With the main eradication campaign done, we set about a second phase of the project, to attract petrels to the islands. The nearest protected area for storm petrels is Priest Island, which lies about 25 miles north of the Shiants. The nearest protected site for Manx shearwater is the Isle of Rum, around 90 miles to the south. From 2016 we deployed sound-lure equipment at the Shiants, playing the calls of European storm petrel and Manx shearwater out to sea at night between May and August. In June 2017 we recorded for the first time adult storm petrels – calling from within potential breeding habitat high on the rocky slopes of Garbh Eilean, the largest of the Shiant Isles. We could not be certain that this was a breeding attempt, but the signs were very encouraging and we are going back in this season to continue this work.

How will the islands stay rat free? This remains the last big challenge of the project, and for the islands’ owners and visitors in the future once the project ends. We have begun a programme of awareness and training on the biosecurity practices relevant to island owners, reserve managers and stakeholders in conservation. The training is aimed at giving the right people the tools and knowledge to be able to keep island havens like the Shiants rat free.

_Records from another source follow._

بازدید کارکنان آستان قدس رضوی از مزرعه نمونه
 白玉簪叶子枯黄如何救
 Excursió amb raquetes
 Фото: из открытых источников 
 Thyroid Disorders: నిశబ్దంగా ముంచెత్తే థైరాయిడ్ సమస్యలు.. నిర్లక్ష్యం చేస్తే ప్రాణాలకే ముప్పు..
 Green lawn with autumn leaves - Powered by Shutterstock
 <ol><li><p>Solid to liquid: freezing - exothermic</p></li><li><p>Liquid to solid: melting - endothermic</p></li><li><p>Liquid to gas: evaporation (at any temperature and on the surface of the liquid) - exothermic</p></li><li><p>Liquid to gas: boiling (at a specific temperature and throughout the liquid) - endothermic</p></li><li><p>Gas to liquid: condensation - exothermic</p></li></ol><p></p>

Only one rat returning to the Shiants would be enough to found a new population of seabird predators, if a pregnant female. That may seem unlikely, with the Shiants lying around four miles off the nearest land and therefore too far for a rat to swim, but any of the many vessels visiting the islands or passing close by could unintentionally transport a rat there.

It has been a great relief to successfully get over the first hurdle and declare the islands rat free, but the long struggle to keep them that way has only just begun. We can do this. By working together, we’ll ensure that protected areas like the Shiants will remain safe places for future generations of seabirds to breed.